_TASK DIRECTIONS_. Output exactly the lines from the one containing "Fotografie - Chipirones" through the final line of the entries below, both included, and skip the pictures.

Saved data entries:
※

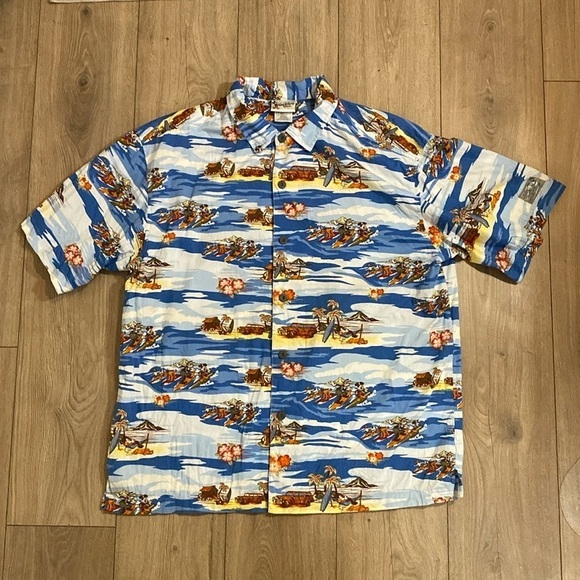 Disney Other - Walt Disney World | Mickey Big Mickahuna Beach & Surf Co | Hawaiian | La…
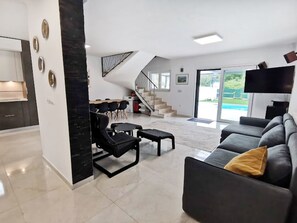 TV - Vila Oliva Štrika by Interhome (Umag/Murine)
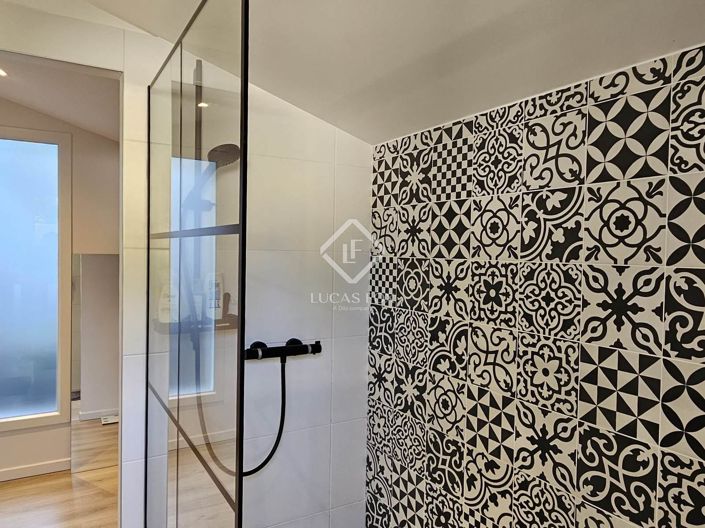 Image No.17-4 Bed House for sale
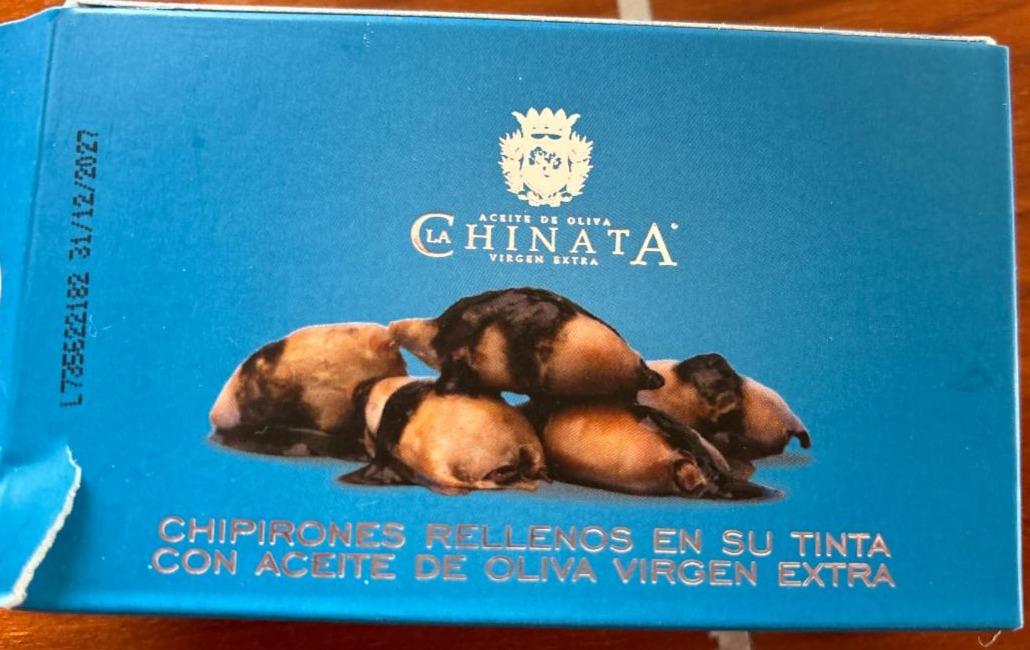 Fotografie - Chipirones rellenos en su tinta con aceite de oliva virgen extra La Chinata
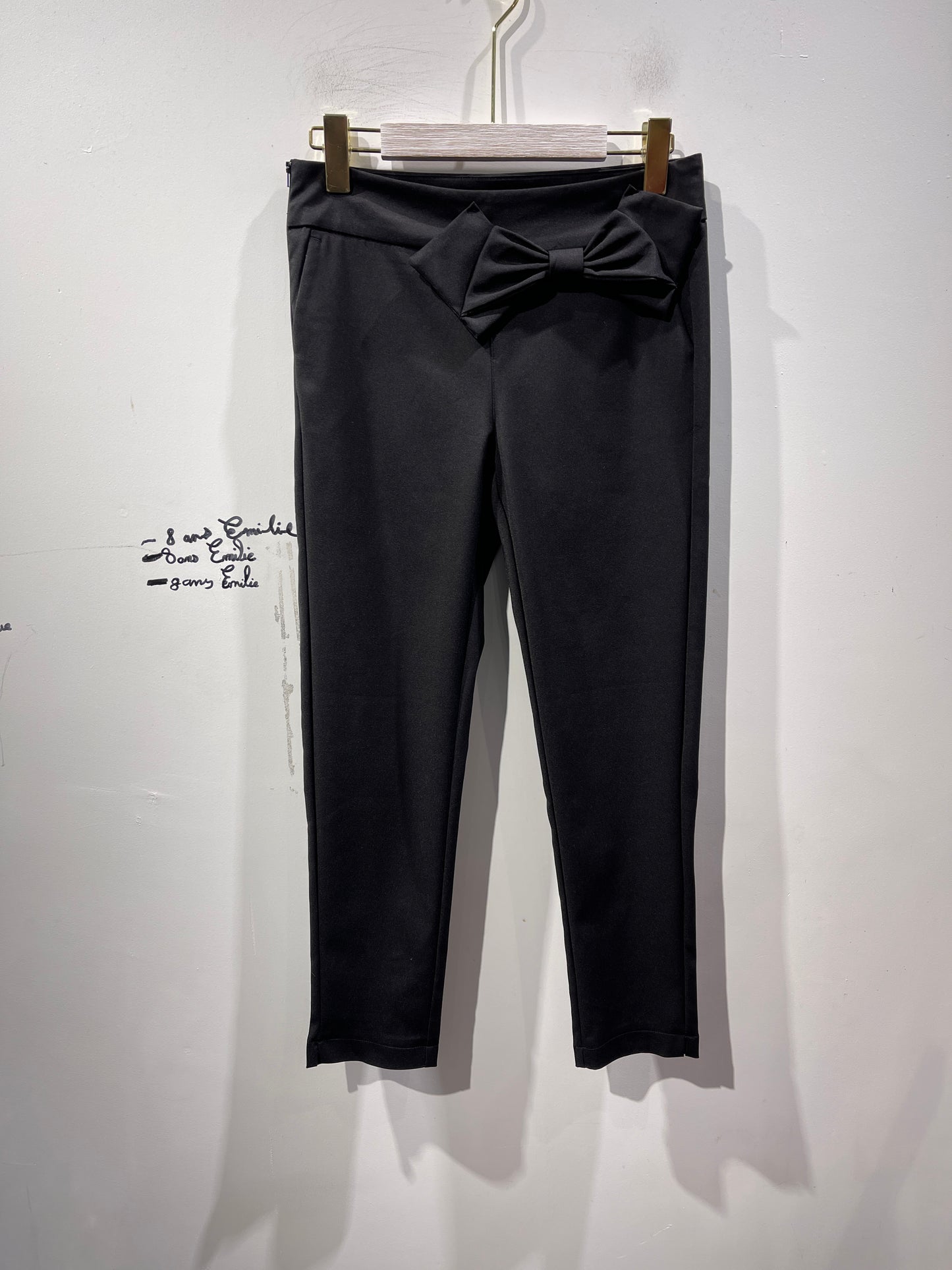pantalon avec noeud papillon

※

_ANSWER TO THE EXERCISE_.
 Fotografie - Chipirones rellenos en su tinta con aceite de oliva virgen extra La Chinata
pantalon avec noeud papillon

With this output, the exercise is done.